Task – From first line to last, copy the listing exactly and omit its pictures.

-- -- --

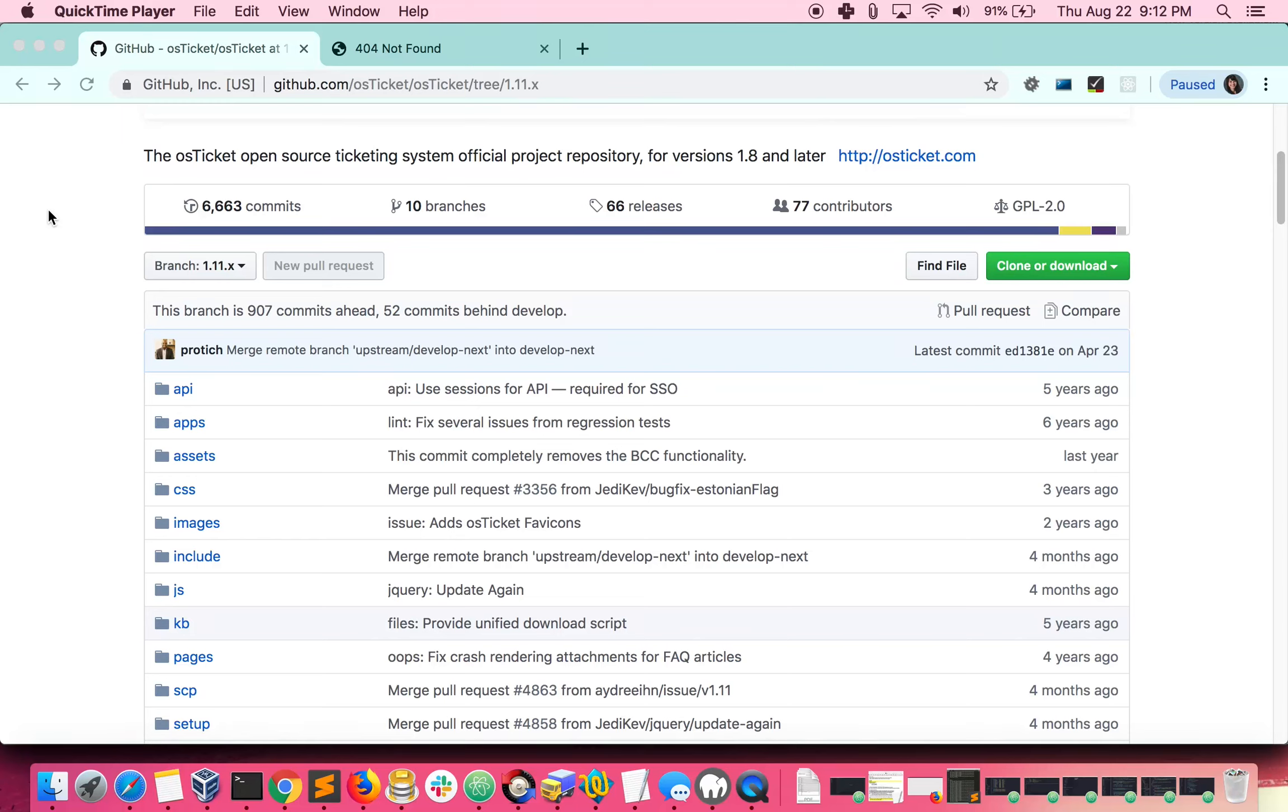Hello and welcome back for another OS Ticket tutorial. Today we will be going over how to install and manage your OS Ticket helpdesk using GitHub. This time around I'll be doing things on my CentOS 7 VM. Using GitHub will ensure that you always have the latest features and bug fixes without having to wait for an official release. Let's begin.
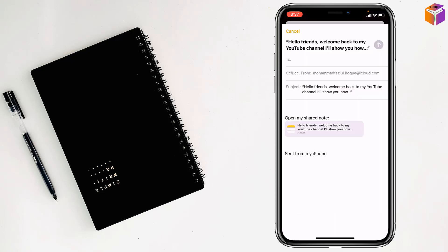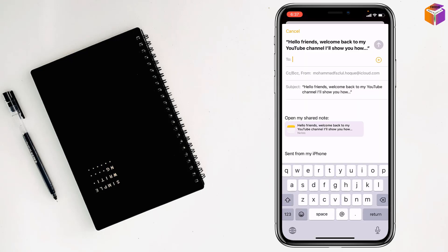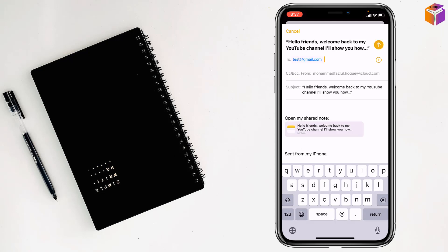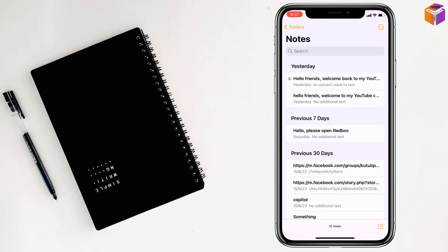Then you have to write your email address where you want to send it. Make sure you have logged into this email on the Android device. After that, simply tap on Send at the top right corner, and you can transfer the notes from iPhone to Android.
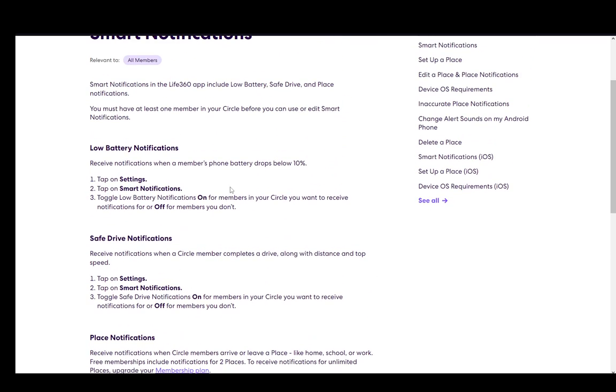Once you're in Smart Notifications, you can toggle low battery notifications on or off, and you can toggle safe drive notifications as well on or off. If you wish to do that, just switch them to off and both will be disabled.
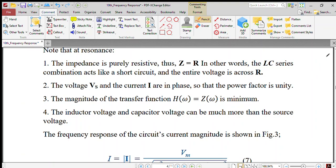Note that the impedance is purely resistive. Thus Z equals R. In other words, the LC series combination acts like a short circuit and the entire voltage is across R.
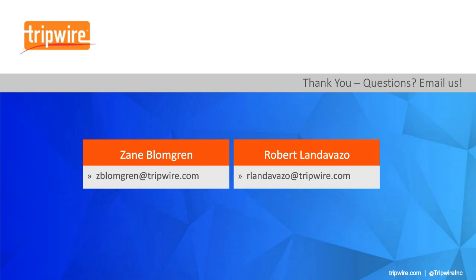That really shows the power of our broad security solution in the ICS space. Thank you for that walkthrough. Absolutely, Zane. Thanks for joining me today — it was a pleasure doing this presentation with you. I want to thank all those that joined us online for today's webcast. If you have any questions about Tripwire's solutions in the industrial space, please feel free to reach out to either Zane or myself — our email addresses are on the screen. Thanks and have a wonderful day.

-- -- --

Answer section –
Hello and welcome back for another OS Ticket tutorial. Today we will be going over how to install and manage your OS Ticket helpdesk using GitHub. This time around I'll be doing things on my CentOS 7 VM. Using GitHub will ensure that you always have the latest features and bug fixes without having to wait for an official release. Let's begin.
Then you have to write your email address where you want to send it. Make sure you have logged into this email on the Android device. After that, simply tap on Send at the top right corner, and you can transfer the notes from iPhone to Android.
Once you're in Smart Notifications, you can toggle low battery notifications on or off, and you can toggle safe drive notifications as well on or off. If you wish to do that, just switch them to off and both will be disabled.
Note that the impedance is purely resistive. Thus Z equals R. In other words, the LC series combination acts like a short circuit and the entire voltage is across R.
That really shows the power of our broad security solution in the ICS space. Thank you for that walkthrough. Absolutely, Zane. Thanks for joining me today — it was a pleasure doing this presentation with you. I want to thank all those that joined us online for today's webcast. If you have any questions about Tripwire's solutions in the industrial space, please feel free to reach out to either Zane or myself — our email addresses are on the screen. Thanks and have a wonderful day.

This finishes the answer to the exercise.